I apologise, Mr Deputy Speaker, for not being present at the outset of the debate. I want to make a few brief points.
Let me echo some of the points made by the hon. Member for Mid Dorset and North Poole (Annette Brooke) in her commendably succinct contribution to the debate—
Indeed; my hon. Friend is exactly right. I will want to return to those issues later.
What is happening, of course, is that councils that are better off with fewer claimants can afford to subsidise the scheme, while others cannot. I have quoted Westminster, the flagship Tory local authority, and that is before we even move on to what the Government’s noble Friends in the Lords say. Last week Lord Jenkin was asked by the BBC whether there were echoes of the poll tax in this proposal. He said, “Yes, oh yes”—and after all, he should know, as he was the architect of the poll tax. When he warns the Government of the risk of backlash, they should listen, because he knows what happened last time. The late Lord Newton of Braintree—not, by anyone’s standards, a woolly liberal—is recorded as having said in the Lords last year:
“Is it sane?...I can hardly believe my ears”.—[Official Report, House of Lords, 6 October 2011; Vol. 730, c.

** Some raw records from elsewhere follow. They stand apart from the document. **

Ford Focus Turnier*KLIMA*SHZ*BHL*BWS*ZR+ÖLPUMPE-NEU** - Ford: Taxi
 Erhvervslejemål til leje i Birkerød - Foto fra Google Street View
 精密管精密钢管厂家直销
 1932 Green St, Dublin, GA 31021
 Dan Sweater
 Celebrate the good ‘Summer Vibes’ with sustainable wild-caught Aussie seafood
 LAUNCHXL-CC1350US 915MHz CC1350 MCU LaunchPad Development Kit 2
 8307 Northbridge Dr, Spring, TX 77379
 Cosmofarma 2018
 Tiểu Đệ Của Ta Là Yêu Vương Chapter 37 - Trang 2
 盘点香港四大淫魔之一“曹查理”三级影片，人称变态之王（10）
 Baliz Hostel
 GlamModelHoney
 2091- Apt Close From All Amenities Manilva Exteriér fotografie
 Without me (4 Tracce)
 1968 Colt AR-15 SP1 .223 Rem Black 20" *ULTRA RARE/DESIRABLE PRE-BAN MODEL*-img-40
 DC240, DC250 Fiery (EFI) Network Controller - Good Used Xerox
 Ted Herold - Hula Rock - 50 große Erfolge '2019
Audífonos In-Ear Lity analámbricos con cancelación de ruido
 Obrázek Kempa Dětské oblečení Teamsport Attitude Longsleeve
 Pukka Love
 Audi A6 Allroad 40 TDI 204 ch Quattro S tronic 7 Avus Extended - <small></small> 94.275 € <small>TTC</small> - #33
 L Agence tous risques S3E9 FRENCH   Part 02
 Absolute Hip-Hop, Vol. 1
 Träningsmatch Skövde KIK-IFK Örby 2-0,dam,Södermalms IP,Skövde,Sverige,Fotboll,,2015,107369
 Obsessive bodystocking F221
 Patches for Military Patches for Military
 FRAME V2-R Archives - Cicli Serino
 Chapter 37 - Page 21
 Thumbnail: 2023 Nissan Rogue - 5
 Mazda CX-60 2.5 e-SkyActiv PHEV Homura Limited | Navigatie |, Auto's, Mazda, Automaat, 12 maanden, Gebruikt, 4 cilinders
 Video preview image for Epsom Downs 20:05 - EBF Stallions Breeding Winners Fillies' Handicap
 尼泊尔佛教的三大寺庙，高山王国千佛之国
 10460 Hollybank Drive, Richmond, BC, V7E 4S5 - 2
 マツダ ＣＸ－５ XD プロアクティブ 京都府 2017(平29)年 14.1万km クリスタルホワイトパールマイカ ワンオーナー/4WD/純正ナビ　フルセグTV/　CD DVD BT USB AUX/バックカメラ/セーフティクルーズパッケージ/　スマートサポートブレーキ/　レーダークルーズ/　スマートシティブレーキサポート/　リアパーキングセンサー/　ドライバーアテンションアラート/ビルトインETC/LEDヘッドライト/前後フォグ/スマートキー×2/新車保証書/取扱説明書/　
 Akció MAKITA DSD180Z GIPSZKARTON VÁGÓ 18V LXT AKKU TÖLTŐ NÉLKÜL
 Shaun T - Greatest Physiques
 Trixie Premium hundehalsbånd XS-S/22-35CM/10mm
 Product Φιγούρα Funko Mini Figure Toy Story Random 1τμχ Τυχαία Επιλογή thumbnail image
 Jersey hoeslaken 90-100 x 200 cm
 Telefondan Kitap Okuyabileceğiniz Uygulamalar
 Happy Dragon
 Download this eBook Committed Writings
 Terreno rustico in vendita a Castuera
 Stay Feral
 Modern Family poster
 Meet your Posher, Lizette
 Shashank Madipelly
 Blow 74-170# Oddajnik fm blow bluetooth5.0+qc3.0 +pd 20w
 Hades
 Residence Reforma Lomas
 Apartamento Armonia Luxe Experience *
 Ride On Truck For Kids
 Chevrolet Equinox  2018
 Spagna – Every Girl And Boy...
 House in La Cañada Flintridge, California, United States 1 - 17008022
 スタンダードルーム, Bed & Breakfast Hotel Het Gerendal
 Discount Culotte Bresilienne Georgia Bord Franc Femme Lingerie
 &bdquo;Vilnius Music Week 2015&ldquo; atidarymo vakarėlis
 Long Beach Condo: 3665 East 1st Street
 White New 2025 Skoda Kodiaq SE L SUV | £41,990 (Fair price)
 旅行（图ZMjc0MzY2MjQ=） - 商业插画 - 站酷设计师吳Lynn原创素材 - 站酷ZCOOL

GC377.]
These are the Government’s allies, let us remember, and if they are aware of the problems it is no wonder the Government are now thinking about a review.
The Liberal Democrats—those who are here—should listen to Lord Greaves, the architect of many of their by-election victories, who told the Lancashire Telegraph that the scheme was “disgraceful” and told the Financial Times that it was
“the poll tax all over again.”
How far have the Lib Dems fallen that the party of Lloyd George is now voting for Pickles’ poll tax?
No wonder the Government are trying to find a way out of the mess they have created. No wonder they have decided not only that a review might be a good idea but to bring in some transitional relief as well.
Can the hon. Lady clarify the position of Labour Front Benchers? Do they object to the principle of localising council tax benefit—the principle, and not necessarily the situation we are in—or would they prefer that the system were returned to the Department for Work and Pensions and thus centralised rather than localised?
Labour Front Benchers believe in a fair deal for vulnerable people wherever in the country they happen to live, and we do not believe that a disabled person in Wokingham should be treated differently from a disabled person in Wigan. Our principle is that the help that someone gets should be dependent on their situation, not on where they happen to live. That is a key part of our policy. Let me say this to the hon. Lady: this is a policy designed to hit the poorest people hardest, especially the poorest people who happen to live in the poorest local authorities, which have already taken the biggest cuts in spending power, as we have seen during the passage of the Bill. Let us remember the figures. Liverpool will have lost £235 per person in spending power. In Hartlepool, the figure is £183. In Wokingham—I could not resist mentioning it just once more in the context of this Bill—it is a grand total of £1.